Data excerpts
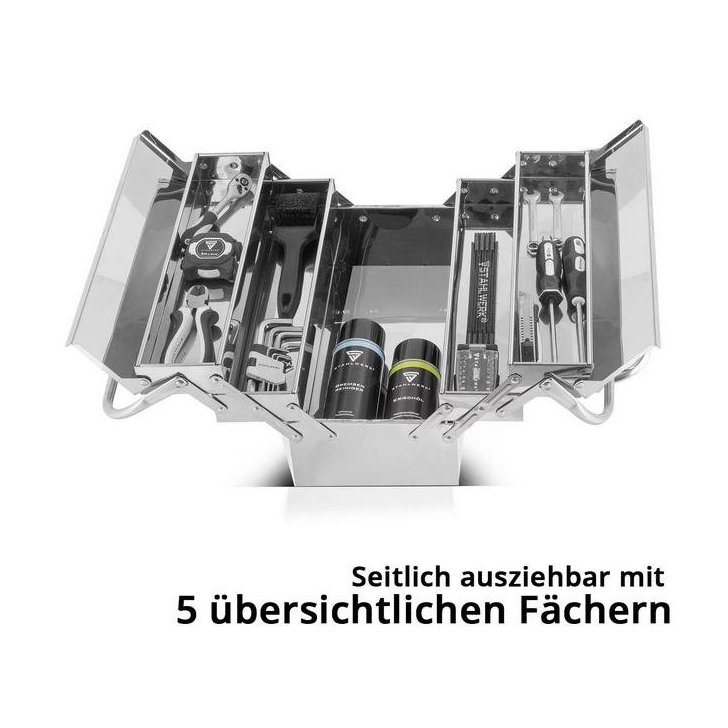 Nerūsējošā tērauda instrumentu kaste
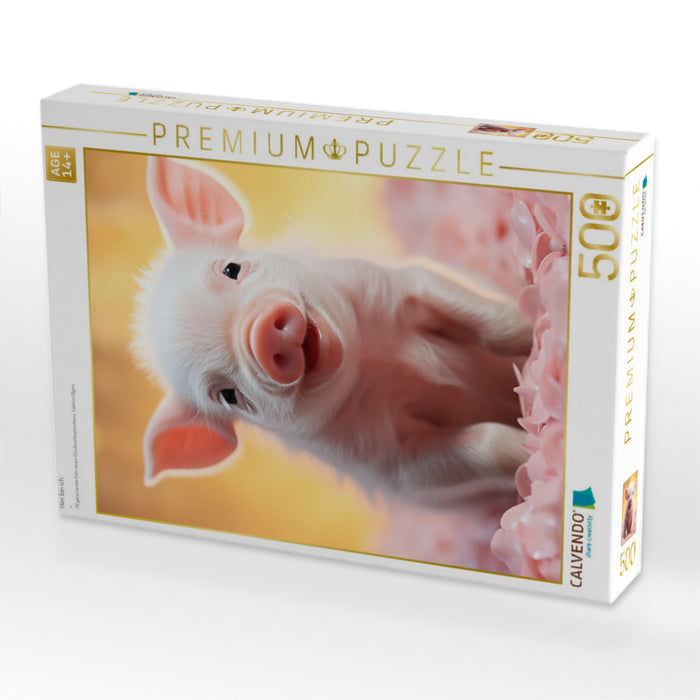 Hier bin ich - CALVENDO Foto-Puzzle'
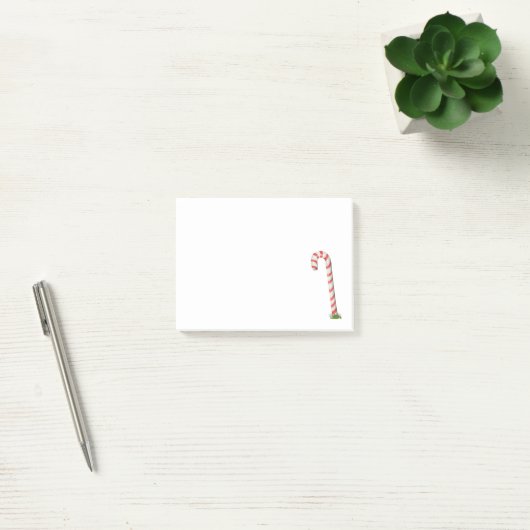 Candy Cane Sticky Notes (Kantoor)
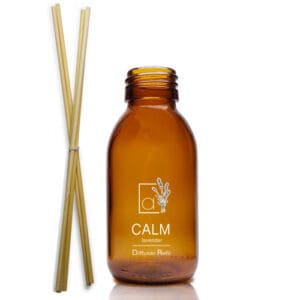 100ml Amber Glass Diffuser Bottle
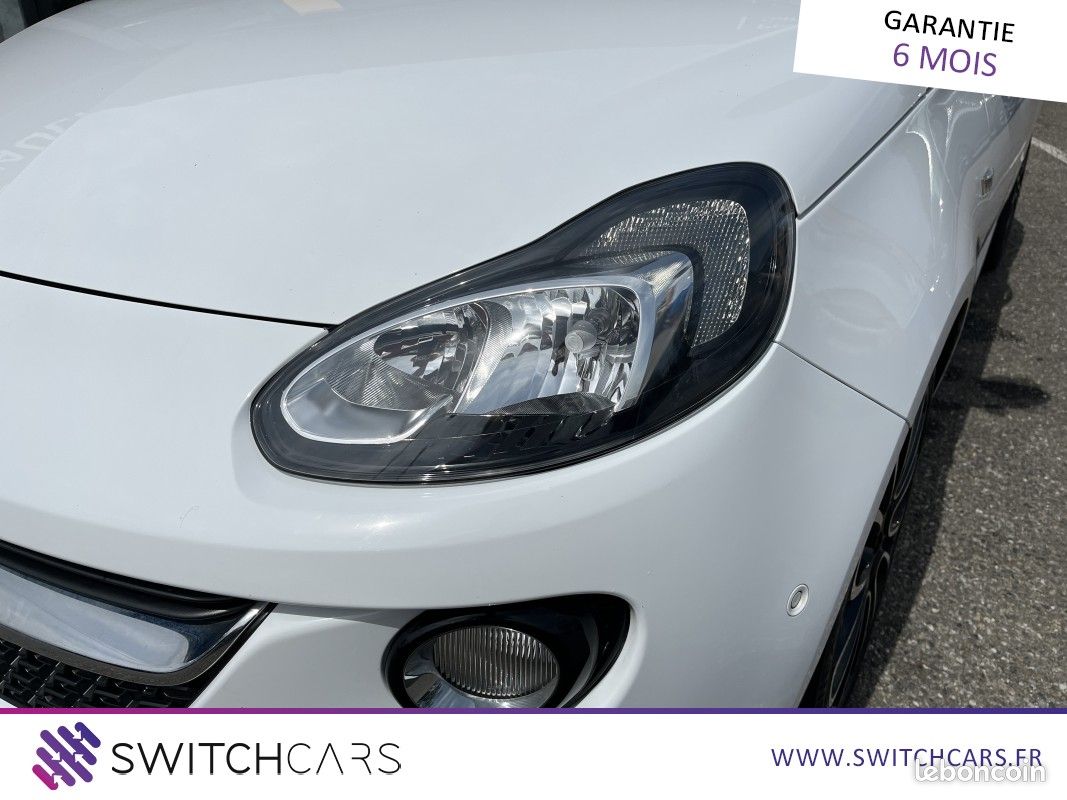 Opel Adam 1.4 87cv Essence * Glam Toit Panoramique Carplay Radars De Recul (image 14)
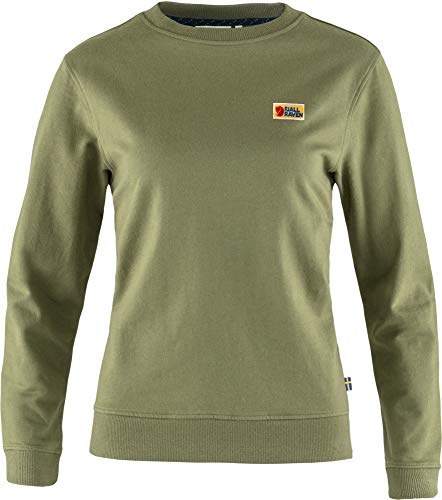 FJALLRAVEN F83519-620 Vardag Sweater W Green XS von Fjäll Räven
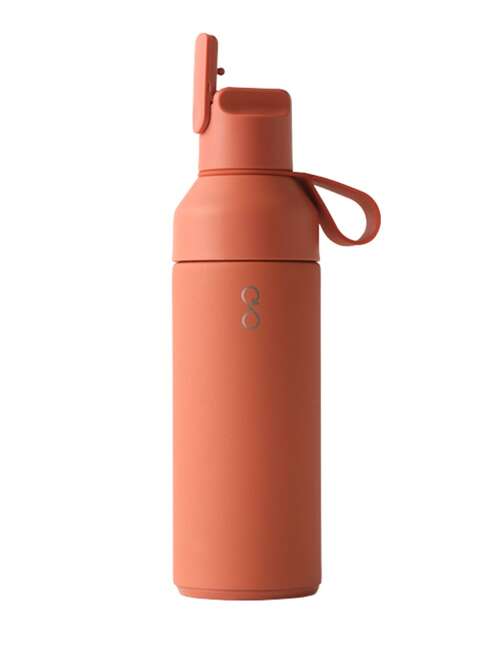 Butelka termiczna ze słomką Ocean Bottle GO 0,5 l - sahara red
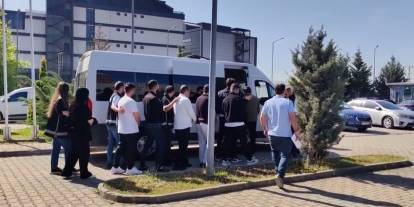 Kocaeli merkezli operasyon: 14 şüpheli tutuklandı
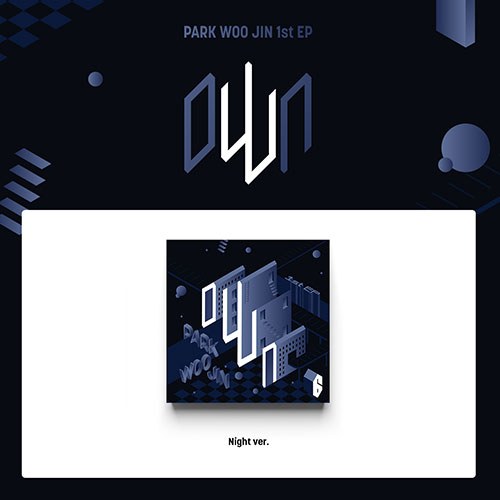 박우진 (AB6IX) - 1st EP [oWn] (Night Ver.)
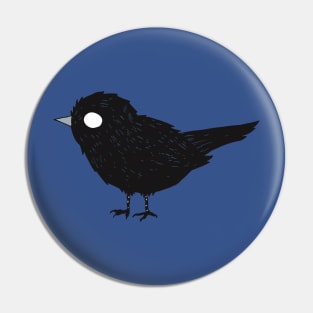 Blackbird Pin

• _TASK INSTRUCTIONS_
Your answer should be an exact copy of the records above, with no pictures in it.

• _TASK RESULT_
 Nerūsējošā tērauda instrumentu kaste
 Hier bin ich - CALVENDO Foto-Puzzle'
 Candy Cane Sticky Notes (Kantoor)
 100ml Amber Glass Diffuser Bottle
 Opel Adam 1.4 87cv Essence * Glam Toit Panoramique Carplay Radars De Recul (image 14)
 FJALLRAVEN F83519-620 Vardag Sweater W Green XS von Fjäll Räven
 Butelka termiczna ze słomką Ocean Bottle GO 0,5 l - sahara red
 Kocaeli merkezli operasyon: 14 şüpheli tutuklandı
 박우진 (AB6IX) - 1st EP [oWn] (Night Ver.)
 Blackbird Pin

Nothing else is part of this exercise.